- Born: 1990 (age 35–36) Hong Kong
- Occupation: Dramatist

= Jingan Young =

Hong Kong playwright

Dr Jingan MacPherson Young/Yang/Yeung (楊靜安) is a Hong Kong born award-winning playwright, screenwriter, film scholar and journalist. She is best known for writing for the ITV hit series Red Eye.

She is the daughter of John Dragon Young (1949–1996), a scholar of Chinese history and politician in Hong Kong.

She lives in the UK with her husband and two children.

She is represented by the Curtis Brown agency.

== Education ==

Jingan was educated at King's College London, earning a BA (Hons) in English and Film Studies, and at Kellogg College, Oxford, earning a Master of Studies in Creative Writing. She also holds a Foundation in Art from Parsons School of Design. In 2020, she completed a PhD in Film Studies at King's College London.

== Career ==

Young's book Soho on Screen, the first study of London's Soho in film, was published by Berghahn Books in May 2022 with a foreword by Peter Bradshaw.
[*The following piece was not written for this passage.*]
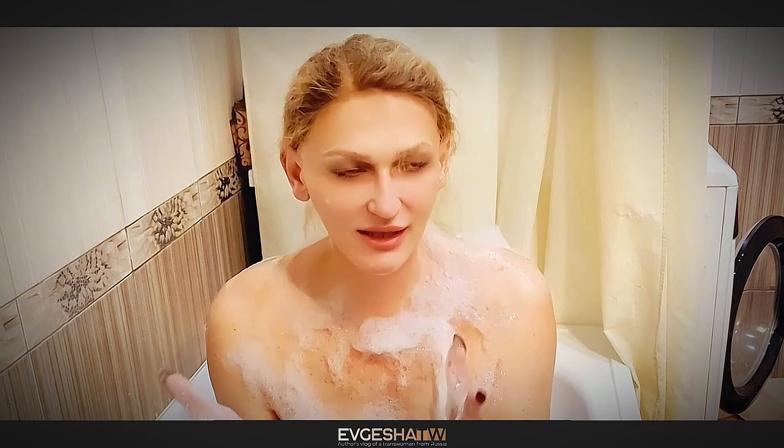I saw the first results after about a month — the hair started to grow much slower. After about half a year, I could afford to shave not after one or two days as before, but after five to seven days. In addition, the hair became softer and weaker. As a consequence, after shaving, the hair no longer grows into the skin, and irritation has almost disappeared. I noticed another very pleasant related effect.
She is the editor of the groundbreaking Foreign Goods: A Selection of Writing by British East Asian Artists, the first collection of British East Asian plays published in the United Kingdom by Bloomsbury Books.

She was previously a Lecturer in Screenwriting at Birkbeck, University of London.

Young is a regular contributor to the Guardian on film, where she writes on a variety of topics including East Asian representation, China and Hollywood, such as Pixar's Turning Red.

She wrote episode 4 and was a story consultant on the ITVX and Bad Wolf thriller Red Eye starring Jing Lusi and Richard Armitage. She returned to write on Series 2.

In 2025, Young was one of the co-writers on Counsels a BBC legal drama set in Glasgow; she contributed to the original writers’ room and wrote an episode.